Vitamin Deficiency Guide — Recognizing and Treating Scurvy, Beriberi, Pellagra and More
Recognize and treat life-threatening vitamin deficiencies when food diversity collapses — scurvy kills within months, but most deficiencies are fully reversible if caught early.
Step-by-Step Guide
Scurvy — Vitamin C Deficiency
Timeline: Symptoms appear after 4–6 weeks without fresh food; death possible by 3 months.
Recognize: Bleeding/swollen gums, bruising with no injury, joint pain, wounds that stop healing or reopen, fatigue, corkscrew body hairs.
Treat — any Vitamin C source reverses scurvy within days:
- Fresh citrus (lemon, lime, orange)
- Raw onion or garlic
- Rosehip tea (boil rose hips 10 min — extremely high in C)
- Pine needle tea (boil fresh green pine needles — historical scurvy cure)
- Any raw green vegetable
Note: Cooking destroys Vitamin C — eat raw when possible.

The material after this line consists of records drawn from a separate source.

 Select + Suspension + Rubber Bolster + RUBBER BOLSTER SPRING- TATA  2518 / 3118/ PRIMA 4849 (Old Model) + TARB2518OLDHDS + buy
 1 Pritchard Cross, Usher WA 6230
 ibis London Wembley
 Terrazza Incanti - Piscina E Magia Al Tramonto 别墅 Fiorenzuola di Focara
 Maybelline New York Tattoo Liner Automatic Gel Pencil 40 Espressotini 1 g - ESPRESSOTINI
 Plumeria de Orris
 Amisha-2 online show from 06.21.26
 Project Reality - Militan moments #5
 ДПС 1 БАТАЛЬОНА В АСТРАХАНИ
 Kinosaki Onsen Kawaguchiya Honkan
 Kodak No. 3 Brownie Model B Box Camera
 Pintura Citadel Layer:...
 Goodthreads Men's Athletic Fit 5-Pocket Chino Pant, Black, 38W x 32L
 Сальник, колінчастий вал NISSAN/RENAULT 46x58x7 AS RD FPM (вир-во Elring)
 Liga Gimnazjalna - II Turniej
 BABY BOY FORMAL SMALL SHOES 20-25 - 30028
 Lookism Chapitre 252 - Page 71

Scurvy symptoms often mimic other conditions. If wounds are not healing and the person has had no fresh food for weeks, assume Vitamin C deficiency and treat immediately.
Beriberi — Thiamine (Vitamin B1) Deficiency
Timeline: 1–3 months on polished rice or refined grain diet without legumes or meat.
Two forms:
- Wet beriberi: Heart failure — swollen legs, shortness of breath, rapid weak pulse, fluid accumulation. Life-threatening.
- Dry beriberi: Peripheral neuropathy — pins and needles in feet/hands, progressive weakness, difficulty walking.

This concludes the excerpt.